PORTLAND, Ore. — It was March 2022 when Tamara Young decided to take the leap. Business was brisk at her upscale consignment store in Southwest Portland, and she wanted to expand. So, the owner of Consign Couture made the move, expanding her operation to a second location in Washington Square.
"I told them when I decided to lease this space that I felt like this was a more secure place to sell Louis Vuitton and Chanel bags," said Young.
The small business owner hoped the mall location, right next to the retail giant Nordstrom, would bring more eyes to her luxury merchandise. What she didn’t realize was many of those watching were thieves.
Over the past year, crooks have hit Consign Couture’s Washington Square location 19 times, stealing more than $56,000 dollars in merchandise, according to the owner.
After a year in business at Washington Square, Young plans to close her shop at the end of March. She's not renewing her lease. Consign Couture can't absorb the losses or pay for security in the same way big retailers can, she said.
Surveillance video shows one incident in December where a woman grabbed an expensive Louis Vuitton bag from the front counter and appeared to stuff it into a baby stroller, covered by a blanket.
"The amount of work that goes into running a small business, down to the research, tags and training to do this the right way and then someone just steals a day's worth of all your work, it's like — 'What’s the point?'" asked Young.
The thieves were often working in teams when they hit the store, Young said. One person would act as a look-out or distract the employees while others ripped off expensive items like handbags, which were presumably resold.
"They believe they can sell quickly on Offer Up and Facebook Marketplace and wherever else," Young theorized.

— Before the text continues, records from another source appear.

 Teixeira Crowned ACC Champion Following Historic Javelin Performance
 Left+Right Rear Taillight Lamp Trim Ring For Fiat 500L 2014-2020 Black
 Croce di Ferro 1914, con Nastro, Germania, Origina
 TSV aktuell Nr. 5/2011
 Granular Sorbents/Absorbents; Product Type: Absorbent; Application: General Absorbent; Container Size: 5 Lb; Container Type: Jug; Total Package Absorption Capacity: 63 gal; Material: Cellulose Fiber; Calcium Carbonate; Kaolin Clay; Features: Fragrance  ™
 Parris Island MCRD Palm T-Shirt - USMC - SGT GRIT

Consign Couture tried to prevent shoplifting by putting luxury bags in locked glass cases, displaying single shoes instead of a pairs and installing security cameras.
"I just don’t think it derails these very brazen thieves," said Young. "They're like, 'Great! There's a camera. What are you going to do about it?'"

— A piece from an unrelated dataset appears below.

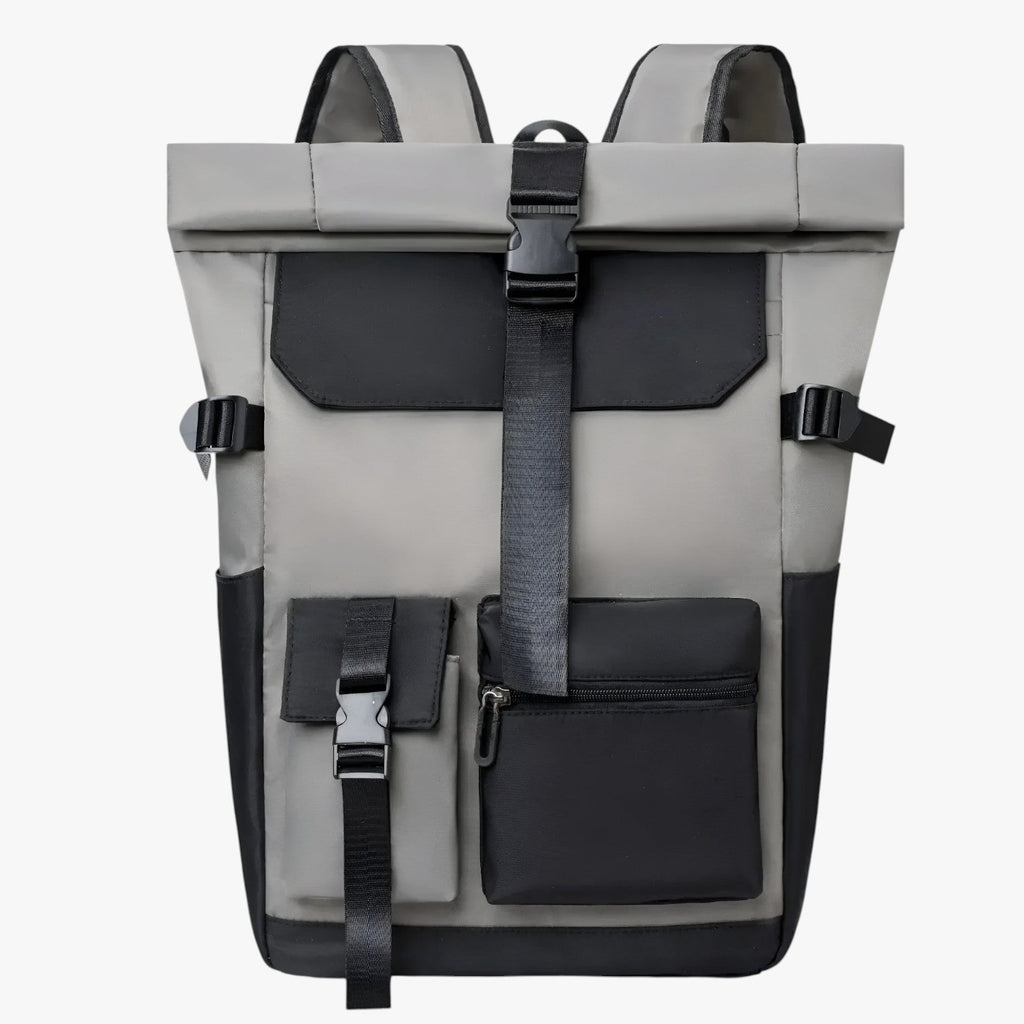 Adrian | Bequemer wasserdichter rollbarer Rucksack für aktive Outdoor-Abenteuer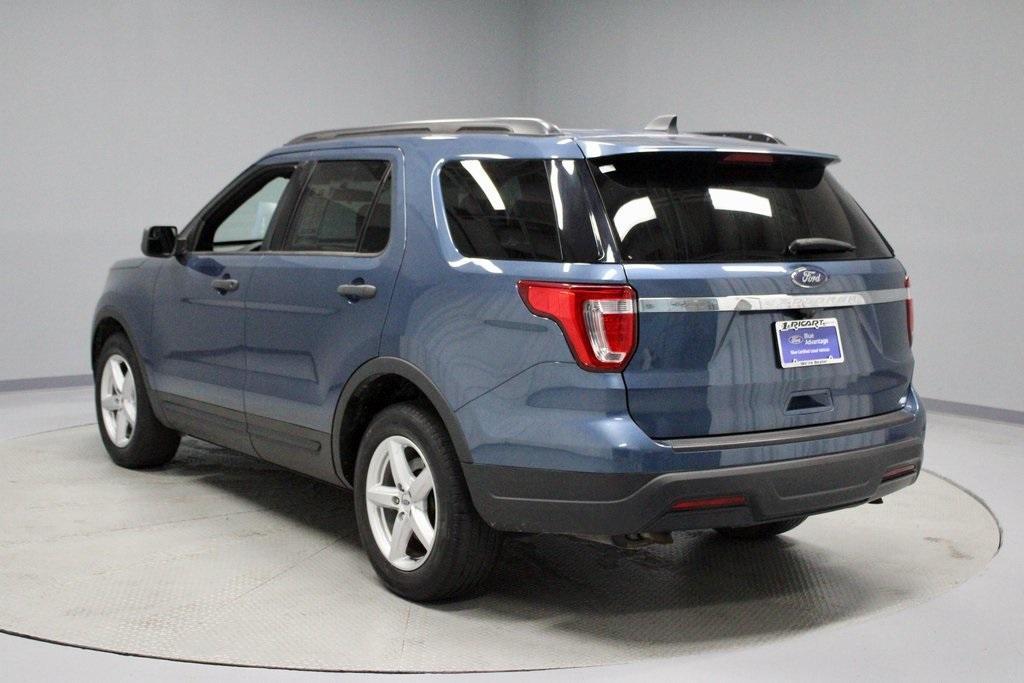 used 2018 Ford Explorer car, priced at $15,272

Widespread shoplifting problem
In a series of reports over the past six months, KGW has documented the impact of shoplifting and organized retail crime throughout Portland. Retailers have been forced to hire private security guards, lock down items, change store layouts, reduce hours or simply close their doors.
The criminals, often driven by drug addiction, are stealing merchandise off store shelves and literally walking out the front door with little or no fear of being arrested or prosecuted, KGW's reporting found.
"Every store is kind of fending for themselves and handling it on their own," said Young.
The general manager at Washington Square did not respond to KGW’s emails.
The thefts at Consign Couture — inside the Washington Square mall — help illustrate that it's not just a Portland problem.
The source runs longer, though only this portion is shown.